Traditional crafts in Uganda

The government of Uganda is developing a plan to increase its exports to the US under the Africa Growth and Opportunity Act in the next five years.

AGOA, a US trade legislation enacted in May 2000, was is meant to help sub-Saharan African countries export to the US more than 6,000 different products duty free.

The Act originally covered an eight-year period from October 2000 to September 2008, but legislative amendments signed into law by former US president George Bush in July 2004 extended AGOA to 2015. The legislation was further extended to 2025.

Trade, Industry and Co-operatives Minister Amelia Kyambadde says the new plan aims to restructure Uganda’s AGOA business. The minister says much as Uganda has participated in AGOA, the country has no strategy to the extent that some players didn’t know who to work with or the quality and standards of goods to export.

Uganda currently lags behind its neighbours Kenya and Tanzania in exports to the US.

In 2017 Kenya’s exports were worth US$454 million, Tanzania’s were US$145 million, Uganda’s $108 million and Rwanda exported just US$66 million’s worth.
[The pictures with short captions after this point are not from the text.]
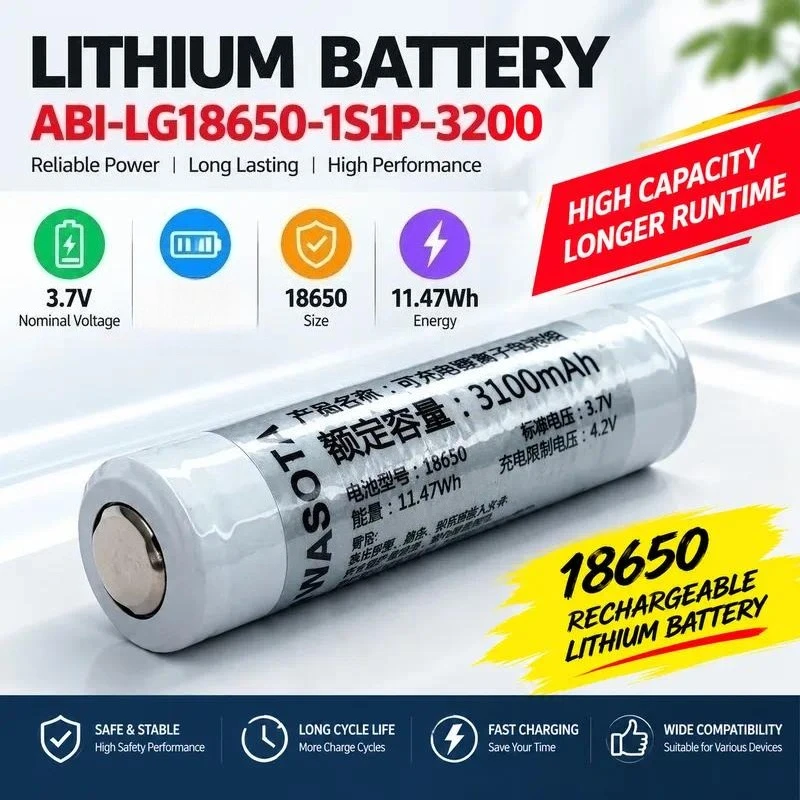 for ABI LG18650 1S1P 3200 for WASOTA 3.7V 3100mAh Rechargeable Battery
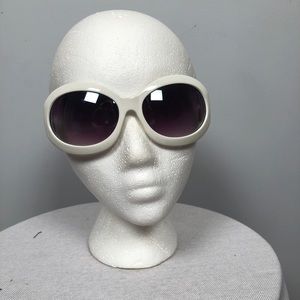 White vintage style sunglasses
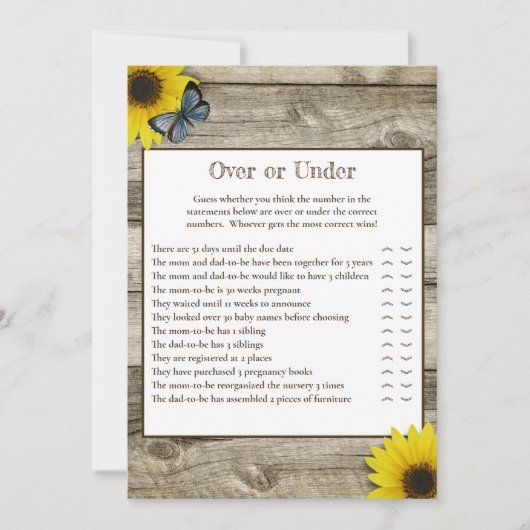 Rustikale Sonnenblume über oder unter Babydusche Einladung (Vorderseite)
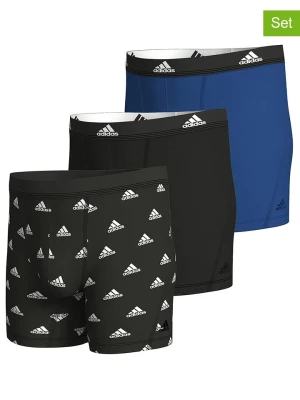 adidas Bokserki (3 pary) w kolorze czarno-niebieskim rozmiar: S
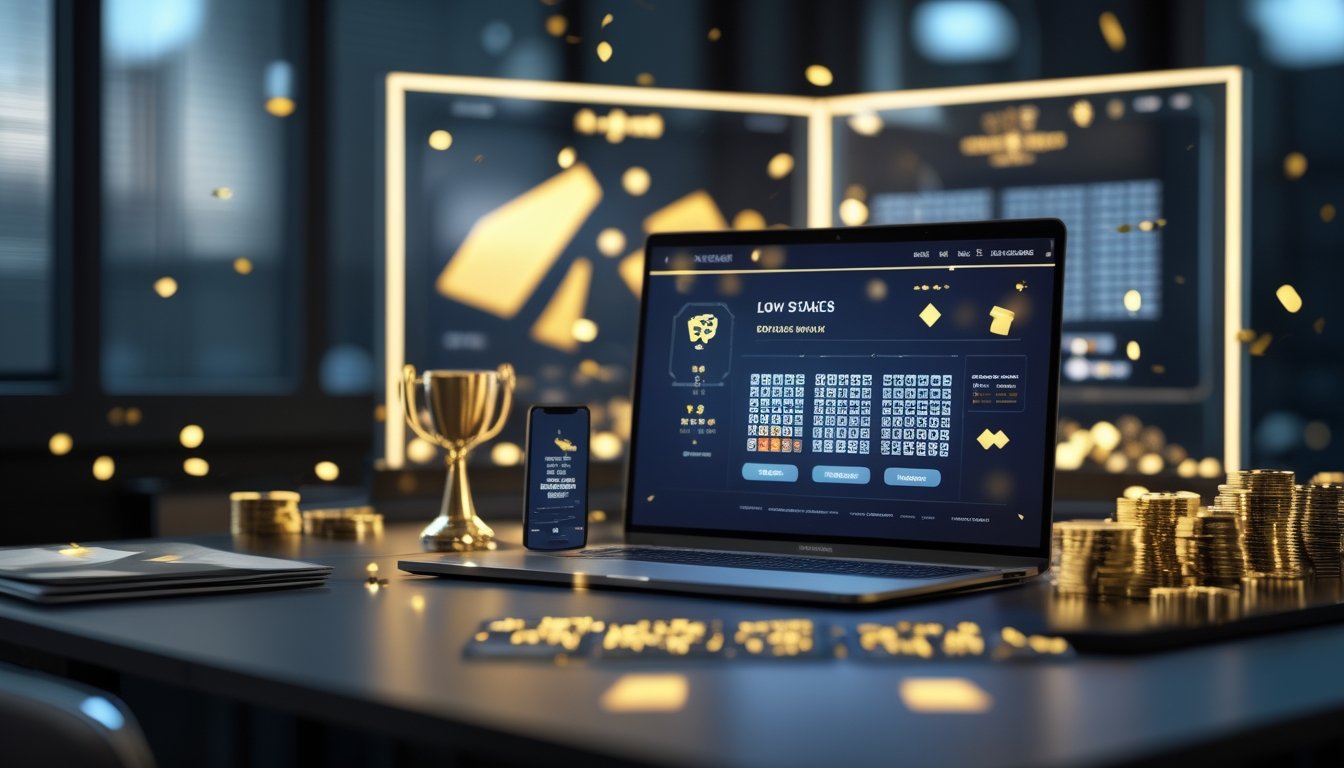 Laptop dan ponsel menampilkan antarmuka permainan digital abstrak dengan koin, cahaya keemasan, dan siluet piala di ruang kerja modern.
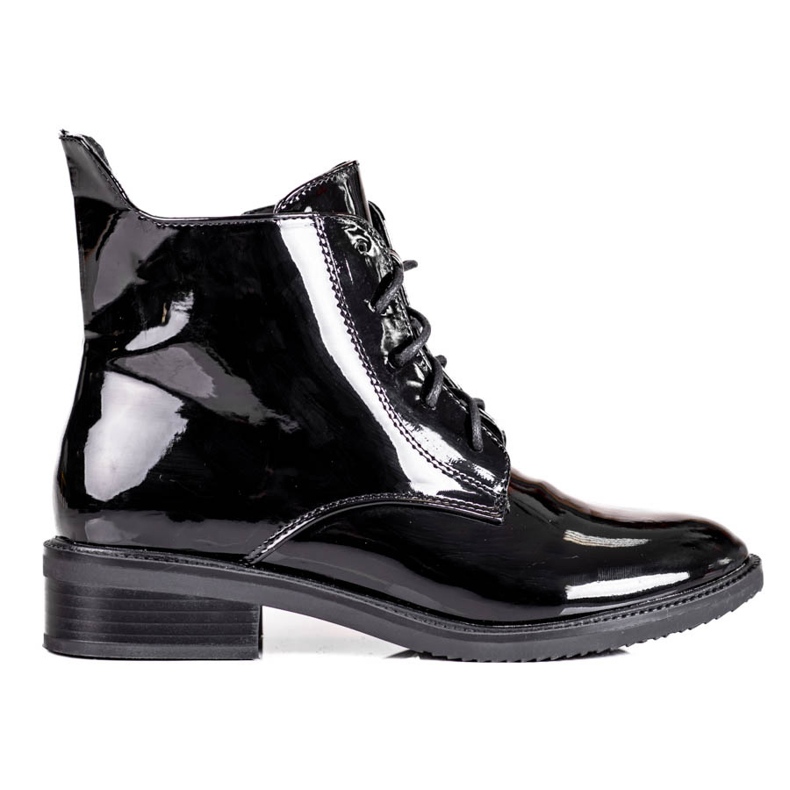 Botas Shelovet femininas elegantes com renda, feitas de couro ecológico envernizado preto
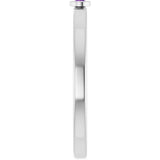 Platinum Round Natural Amethyst Bezel-Set Solitaire Ring - view 4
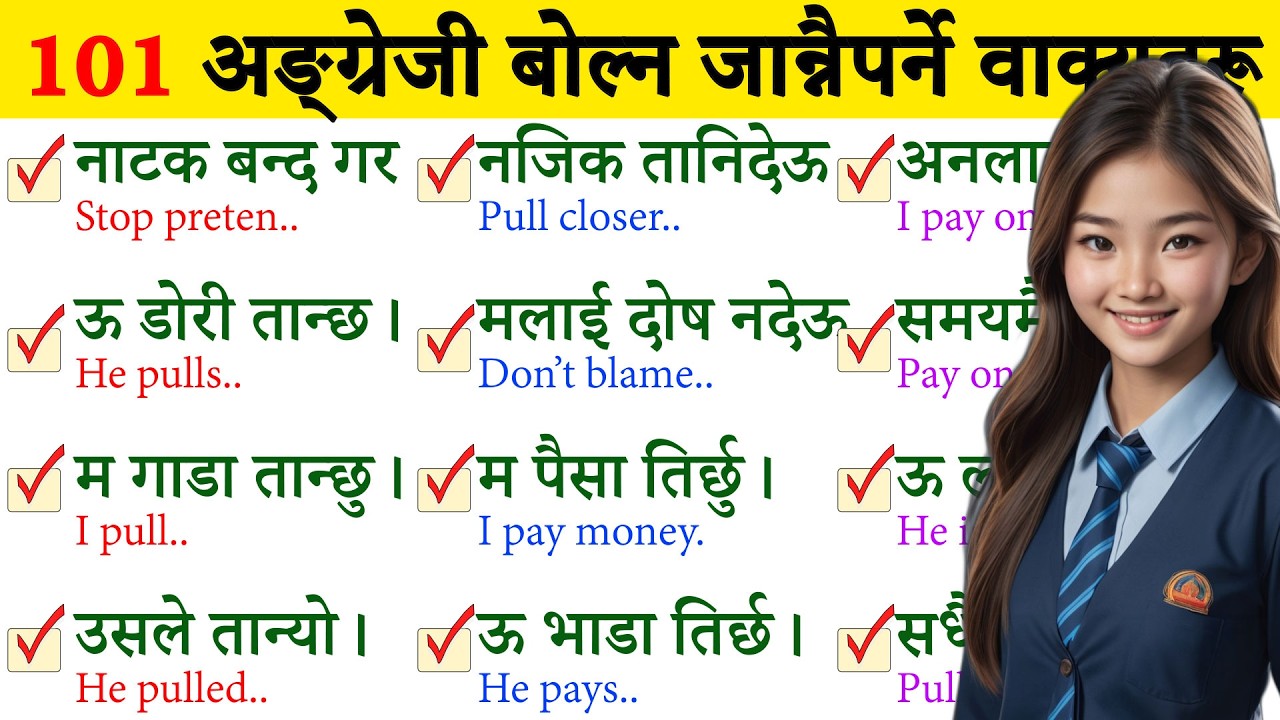 English सिक्न Basic English Nepali speaking How to start English beginner day 1 Conversation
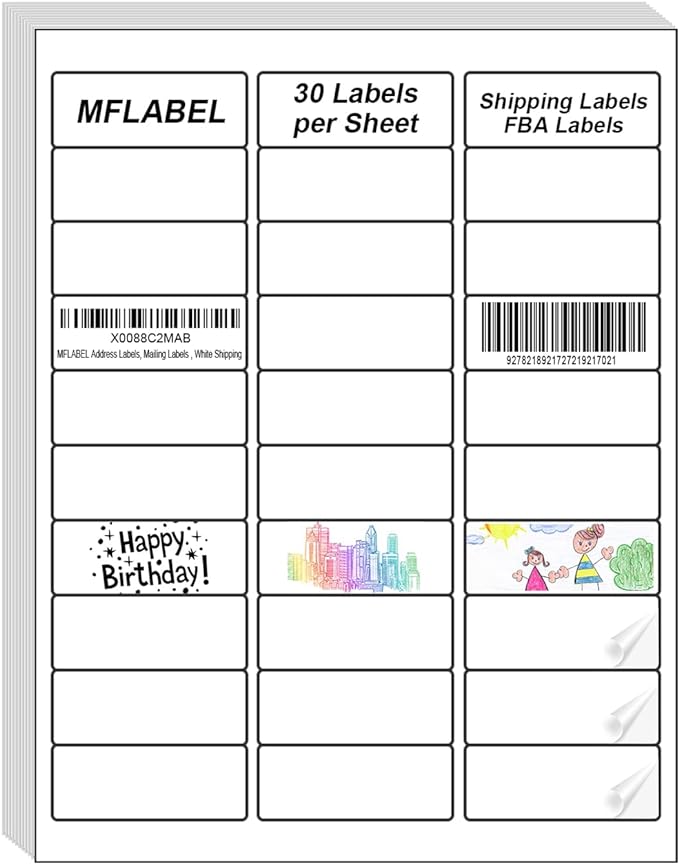 MFLABEL Address Label, 1" x2-5/8 Mailing Sticker, 30-UP White Shipping Labels for Inkjet or Laser Printer, 45000 Sticker Labels (1500 Sheets), 30 Label per Sheet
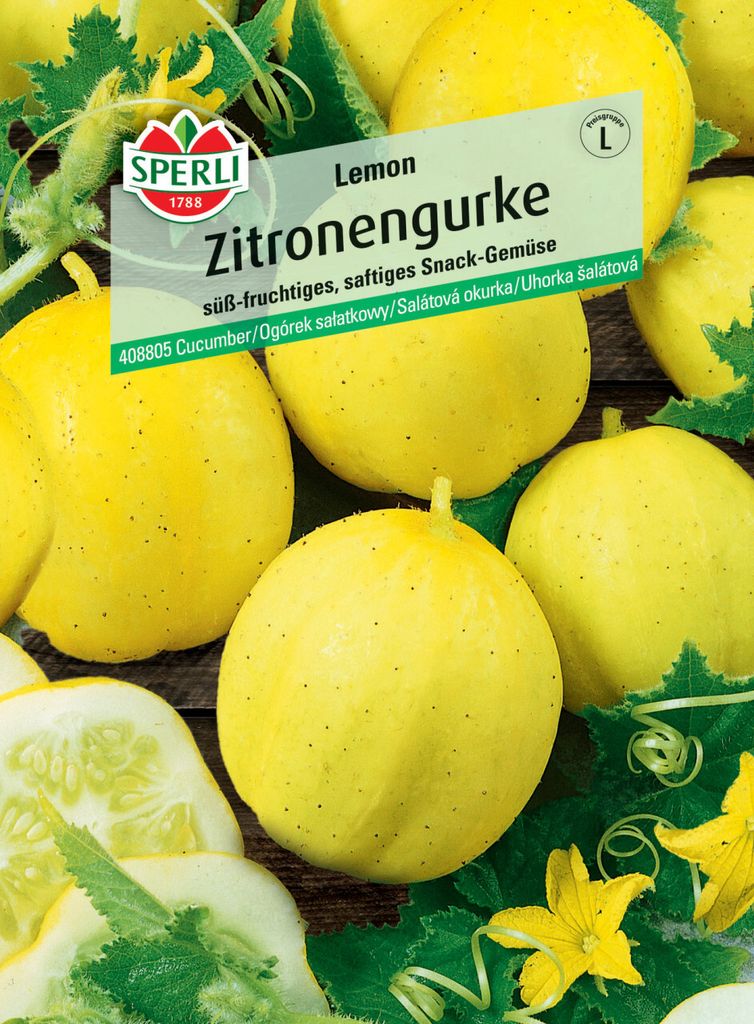 Sperli Zitronengurke Samen, runde, süß-fruchtige Früchte, essbare Schale, 6-8 cm Durchmesser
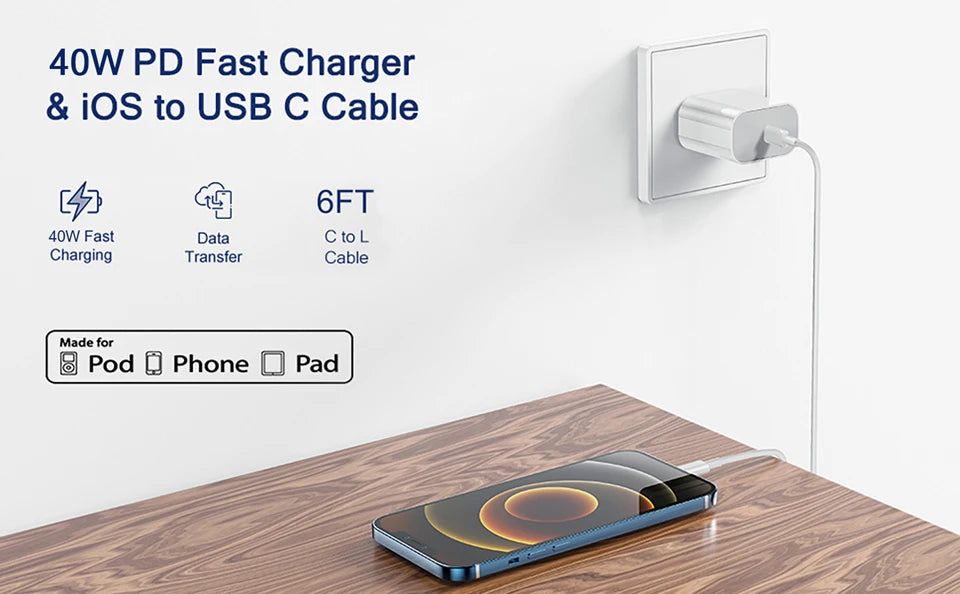 40W Fast Charger for iPhone USB Type C Data Cable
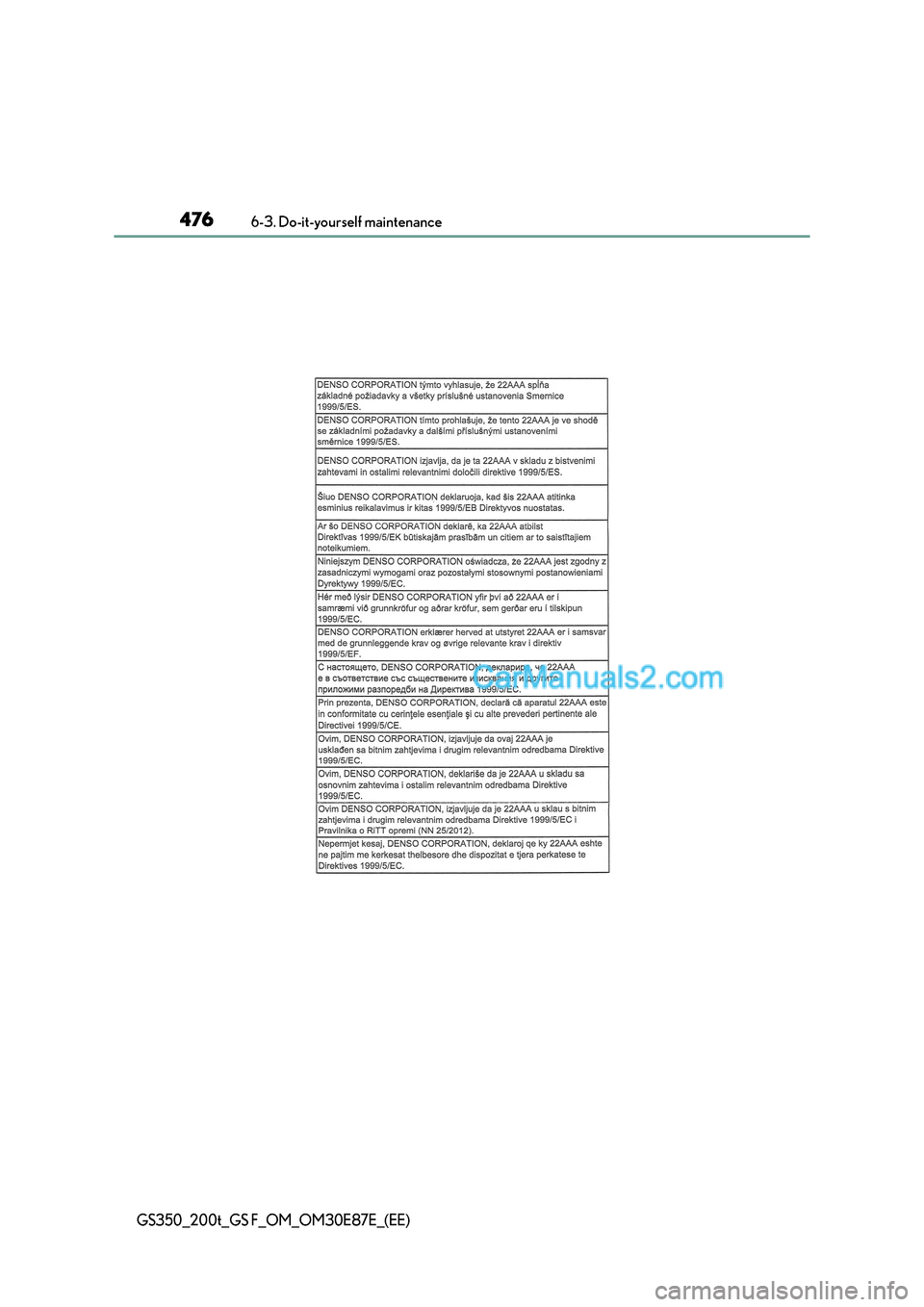 Lexus GS200t 2015 Owners Manual 4766-3. Do-it-yourself maintenance
GS350_200t_GS F_OM_OM30E87E_(EE) Lexus GS200t 2015 Owners Manual 4766-3. Do-it-yourself maintenance
GS350_200t_GS F_OM_OM30E87E_(EE)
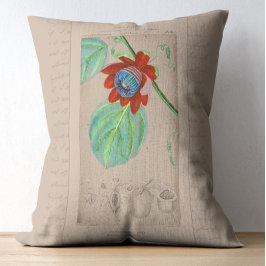 Cojín Decorativo Ilustracion botánico francés apasionflor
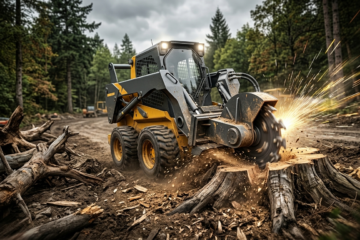TYPHON Skid Steer Stump Grinder is your solution for quick tree root removal. Experience unmatched power!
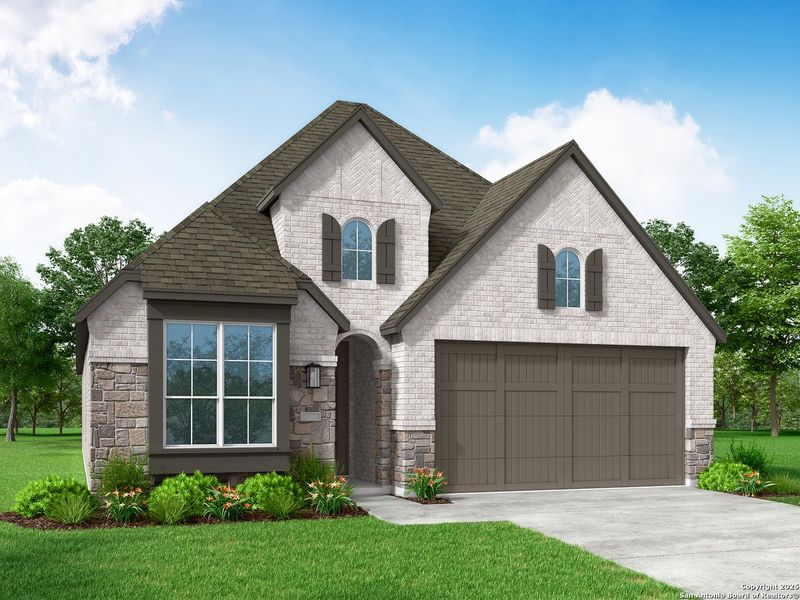 Front exterior of a new home in Davis Ranch: 45ft. lots, San Antonio, TX, highlighting curb appeal (Image 1).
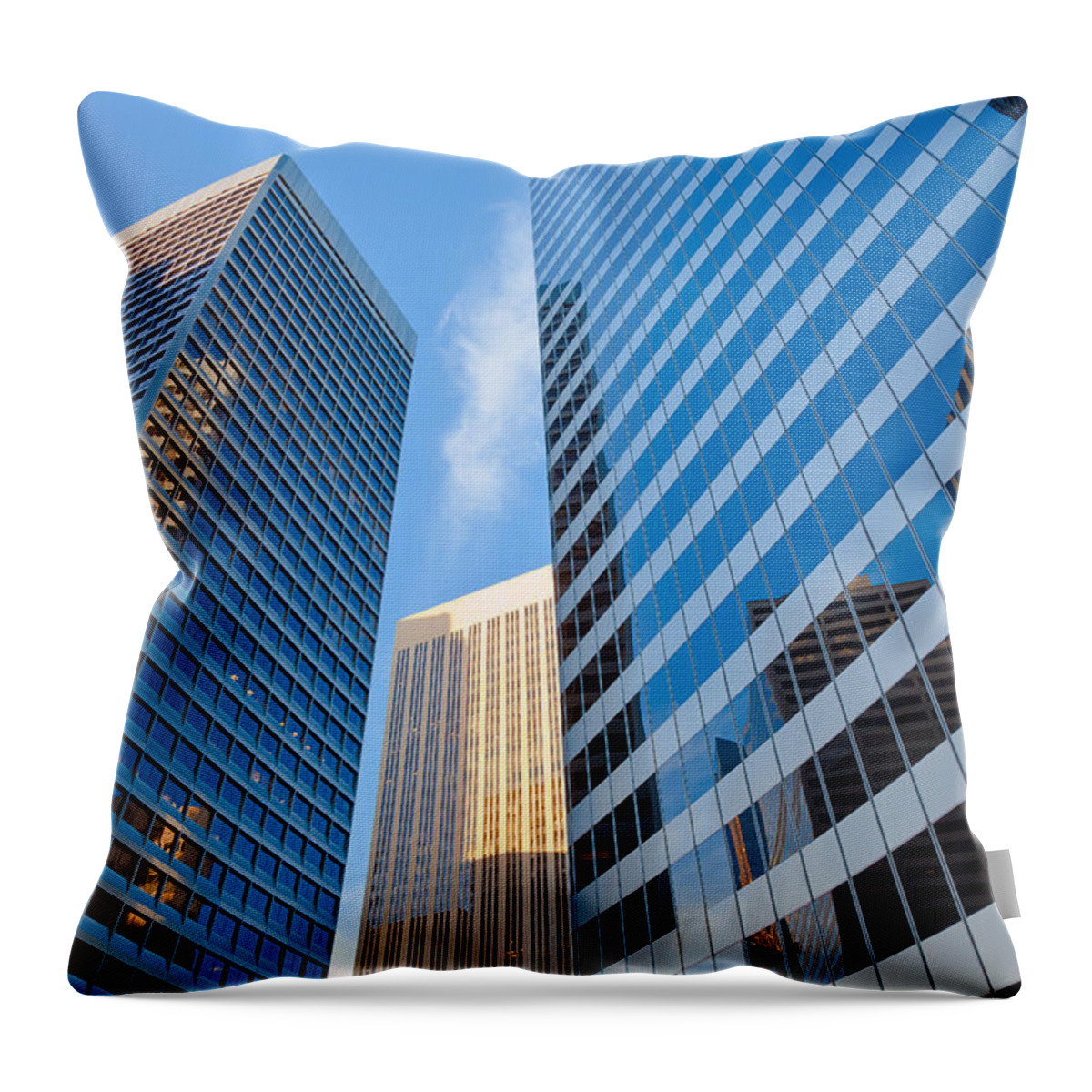 City Throw Pillow featuring the photograph City In Reflections by Jonathan Nguyen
She hopes engaging SMEs will help the country realise over US$200 million per year.

Under the new strategy government wants to put emphasis on coffee, spices, crafts, and casein as the main preferences of the US market.

Since its inception in 2000, AGOA has given duty-free and quota-free access to the US market on around 6,000 products from qualifying sub-Saharan African countries – with textiles and apparel accounting for some 90% of total exports.

The trade pact was renewed for a further ten years in 2015, which means it is due to remain in place until 2025 – a decision that has given renewed impetus to sub-Saharan Africa as an apparel sourcing destination.